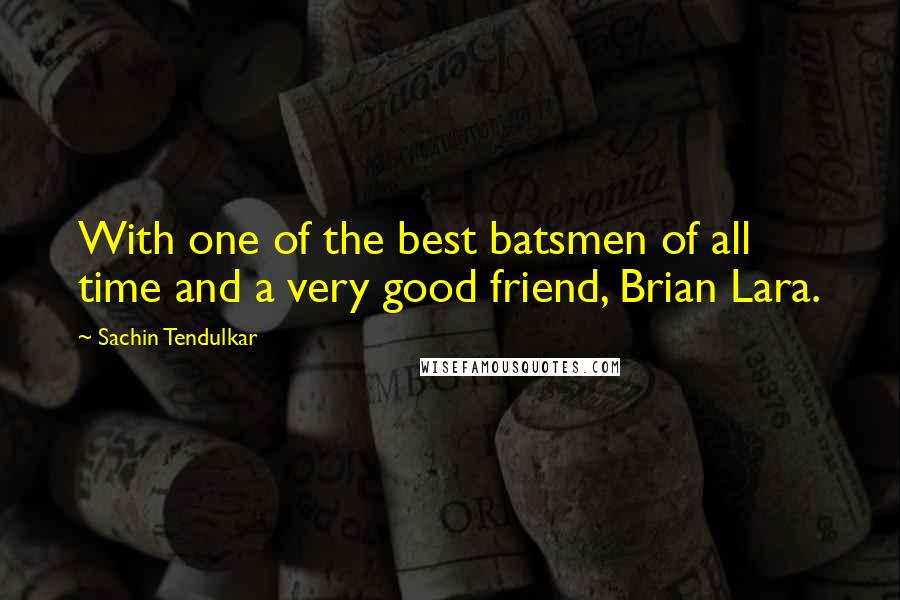 Sachin Tendulkar Quotes: With one of the best batsmen of all time and a very good friend, Brian Lara.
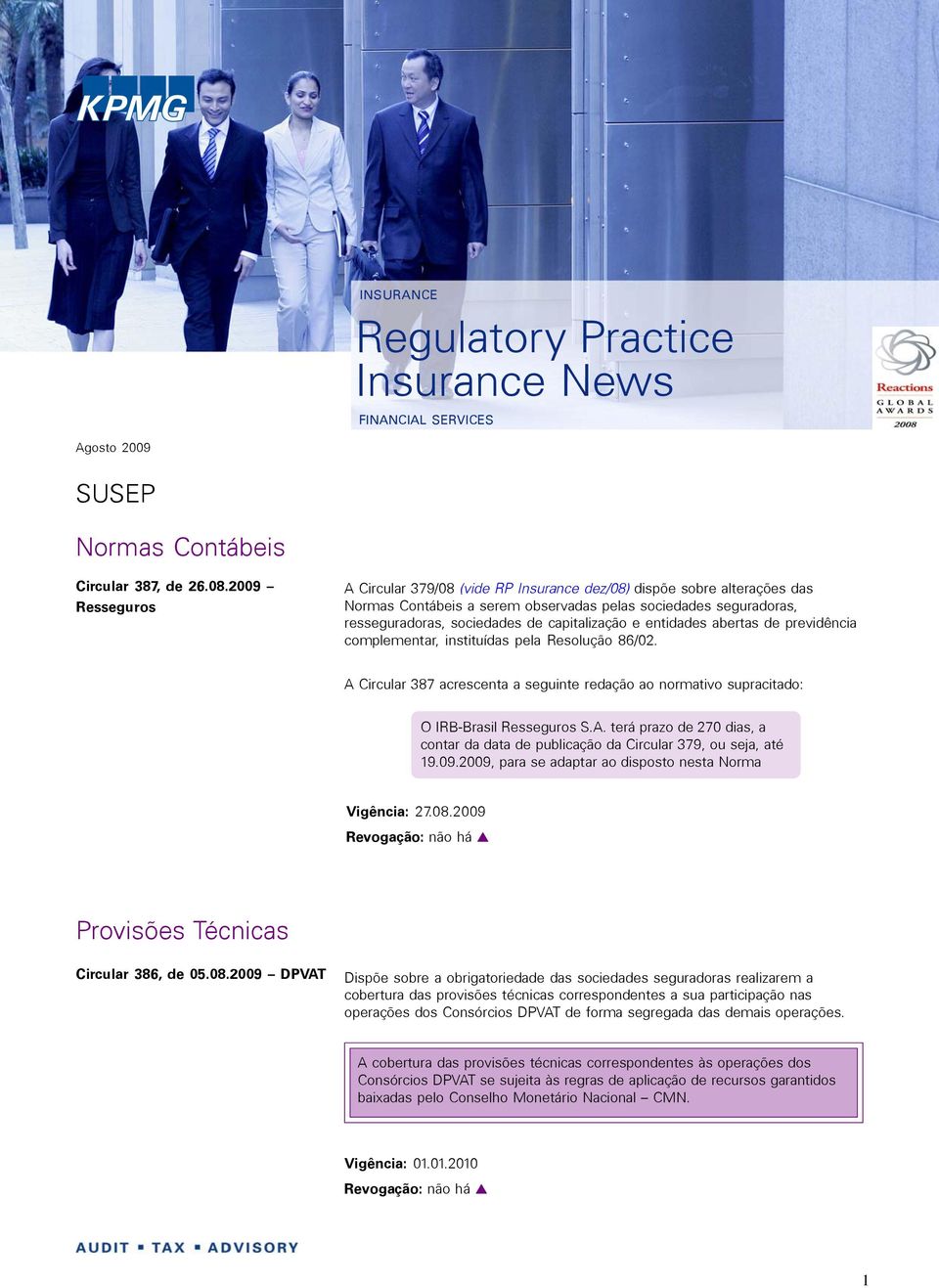 e entidades abertas de previdência complementar, instituídas pela Resolução 86/02. A Circular 387 acrescenta a seguinte redação ao normativo supracitado: O IRB-Brasil Resseguros S.A. terá prazo de 270 dias, a contar da data de publicação da Circular 379, ou seja, até 19.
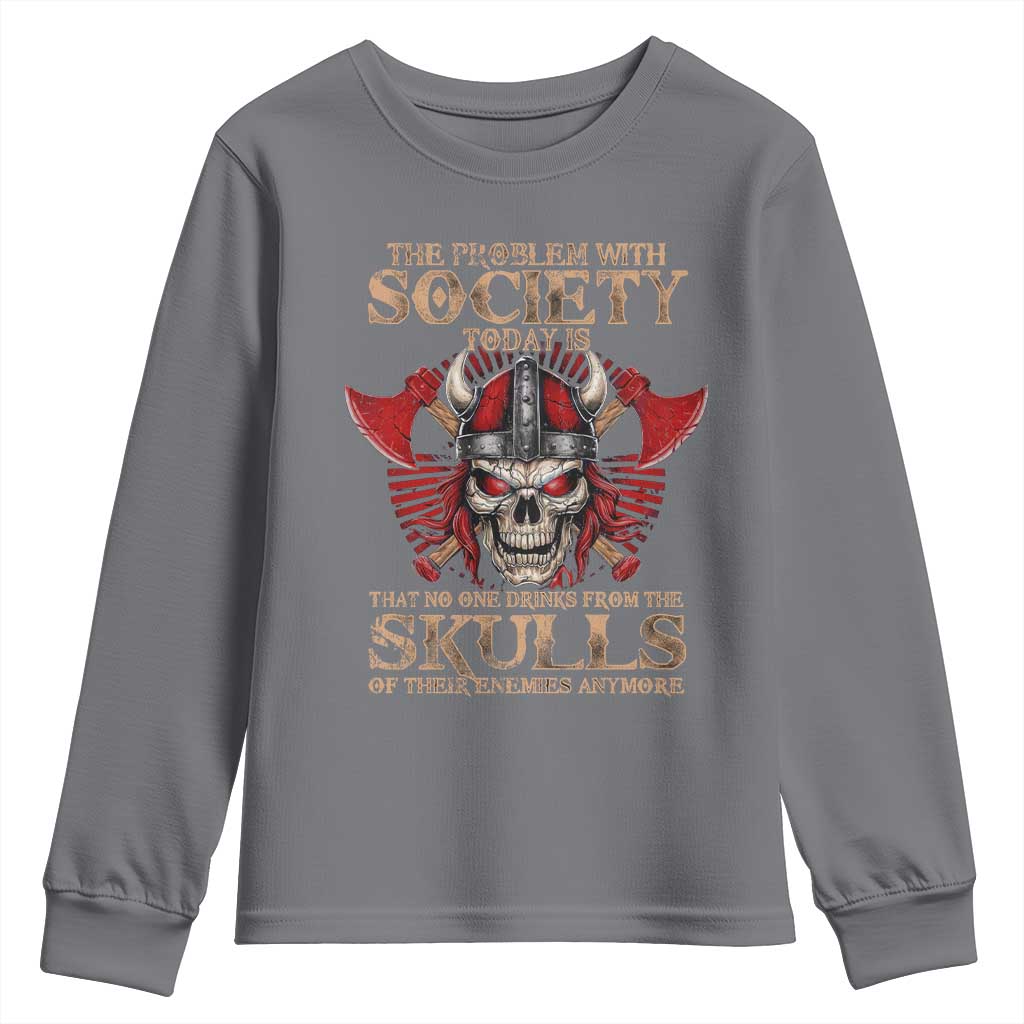 Viking Youth Sweatshirt The Problem Is That No One Drinks From The Skulls Of Their Enemies Anymore TS09 Charcoal Print Your Wear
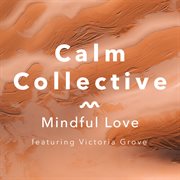 Mindful love cover image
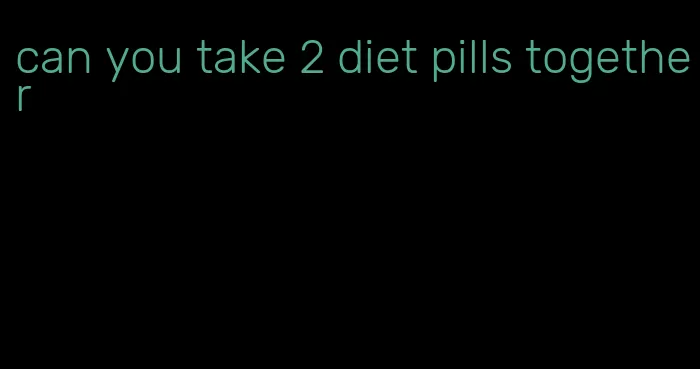 can you take 2 diet pills together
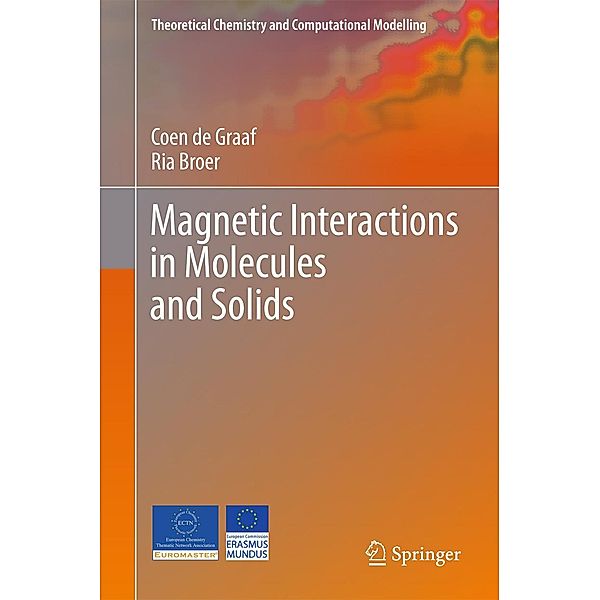 Magnetic Interactions in Molecules and Solids / Theoretical Chemistry and Computational Modelling, Coen de Graaf, Ria Broer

What you are asked to do:
Once the pictures are set aside, give every line above again without alteration.

Solution to this task:
 Sachin Tendulkar Quotes: With one of the best batsmen of all time and a very good friend, Brian Lara.
 e entidades abertas de previdência complementar, instituídas pela Resolução 86/02. A Circular 387 acrescenta a seguinte redação ao normativo supracitado: O IRB-Brasil Resseguros S.A. terá prazo de 270 dias, a contar da data de publicação da Circular 379, ou seja, até 19.
 Viking Youth Sweatshirt The Problem Is That No One Drinks From The Skulls Of Their Enemies Anymore TS09 Charcoal Print Your Wear
 Mindful love cover image
 can you take 2 diet pills together
 Magnetic Interactions in Molecules and Solids / Theoretical Chemistry and Computational Modelling, Coen de Graaf, Ria Broer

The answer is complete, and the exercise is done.